Active Causal Hypothesis Testing for AI-Guided Drug Target Discovery
Abstract
The identification of causal mechanisms underlying disease pathology is the cornerstone of effective drug discovery. Traditional methods rely on slow, iterative experimental cycles, while modern computational approaches often prioritize correlation over causation. This paper introduces the Active Causal Hypothesis Testing (ACHT) framework, a novel AI-guided methodology designed to function as a "virtual experimenter" to automate and accelerate the discovery of therapeutic drug targets. ACHT integrates Graph Neural Networks (GNNs) for representation learning of biological networks, differentiable causal discovery for generating mechanistic hypotheses, and Bayesian active learning to prioritize the most informative hypotheses for validation. We apply ACHT to analyze 100,000 protein-protein interactions from the STRING v12.0 database.

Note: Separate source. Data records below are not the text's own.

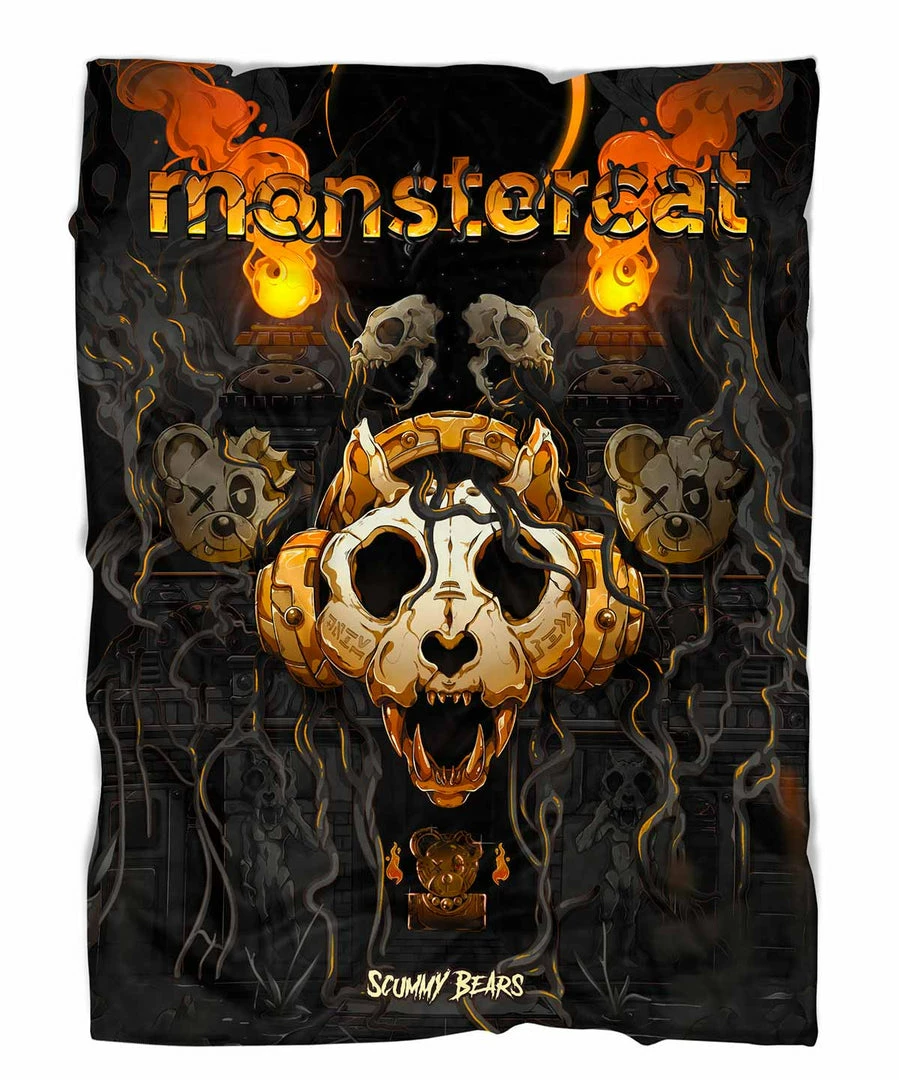 MONSTERCAT X SCUMMY BEARS - CIVILIZATIONS - SOFT AF BLANKET BLANKETS 1 MONSTERCAT X SCUMMY BEARS - CIVILIZATIONS - SOFT AF BLANKET BLANKETS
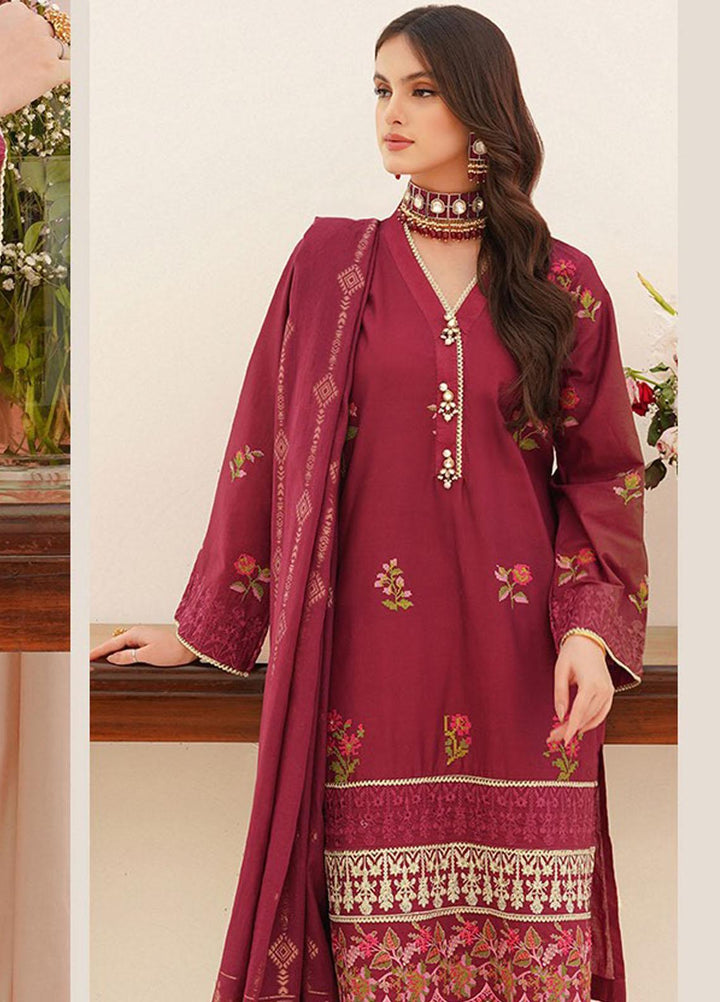 Zellbury Embroidered Lawn Suits Unstitched 3 Piece ZB23UL D-30354 - Luxury Collection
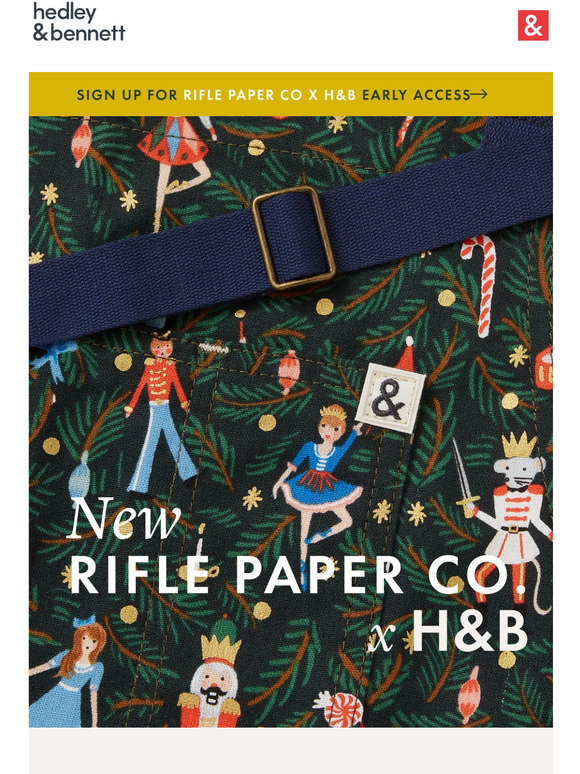 Hedley & Bennett: Coming Soon: Rifle X H&B Holiday Collection | Milled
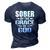 Christian Jesus Religious Saying Sober By The Grace Of God 3D Print Casual Tshirt Navy Blue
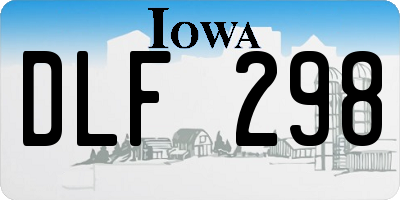 IA license plate DLF298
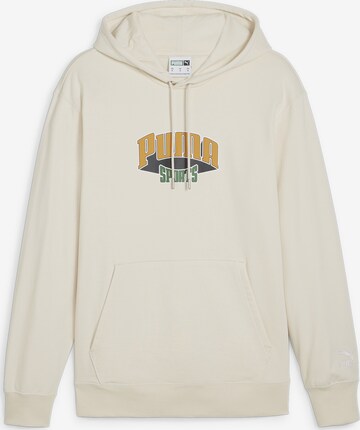 PUMA Athletic Sweatshirt in White: front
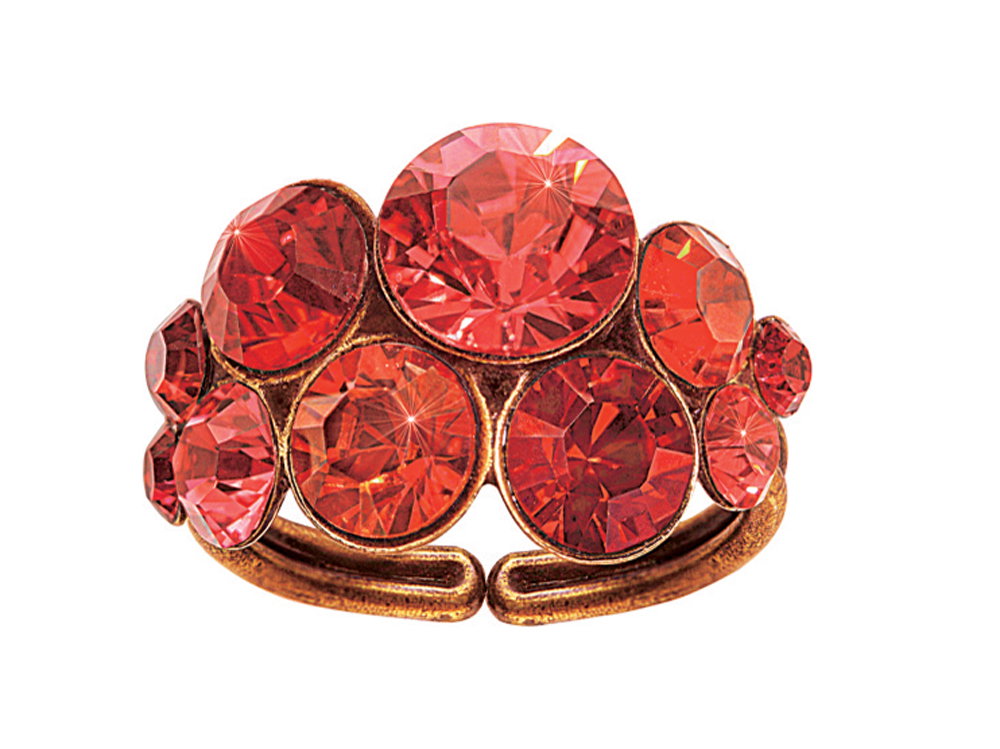 Roter Svarowski Ring Opulent Konplot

The framework autonomously identifies and prioritizes 3,529 high-confidence drug target candidates, including known drivers like TP53 and TNF. We validate these prioritized hypotheses using a novel Monte Carlo Wavelet Coherence analysis, demonstrating that the identified targets exhibit highly significant (p < 0.001) spectral signatures indicative of genuine therapeutic mechanisms, with a very large effect size (Cohen’s d=17.36). ACHT provides a scalable, interpretable, and automated pipeline for transforming large-scale biological data into actionable therapeutic hypotheses.